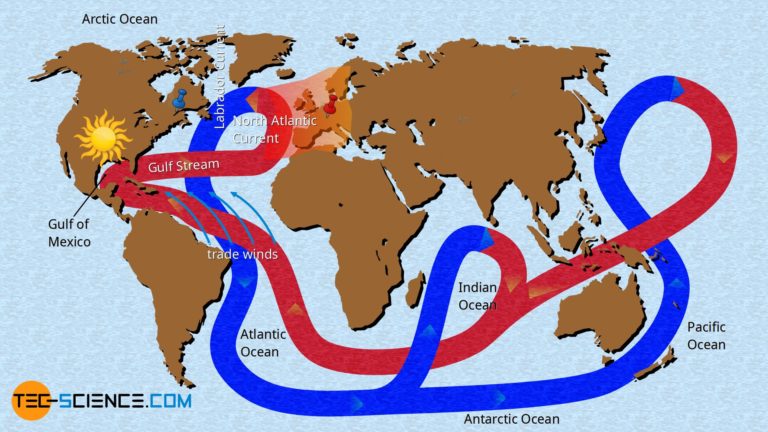 Gulf Stream & global ocean conveyor belt | tec-science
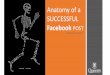 Anatomy of a Facebook Post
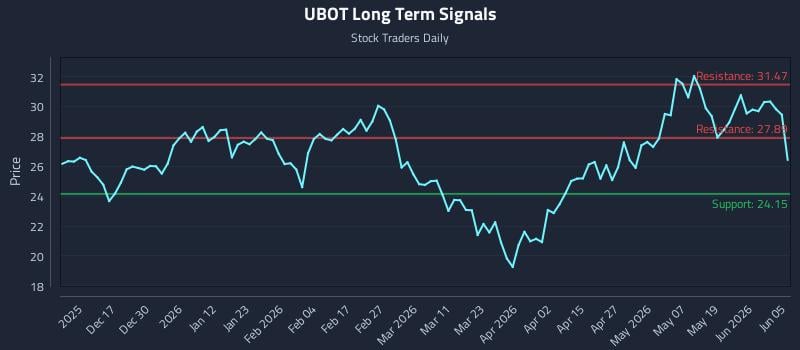 UBOT Long Term Analysis for June 7 2026 UBOT Long Term Analysis for June 7 2026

_EXERCISE GOAL:_ Copy all the material word for word, minus its pictures.

_OUTPUT BELOW:_
 Gulf Stream & global ocean conveyor belt | tec-science
 Anatomy of a Facebook Post
 UBOT Long Term Analysis for June 7 2026 UBOT Long Term Analysis for June 7 2026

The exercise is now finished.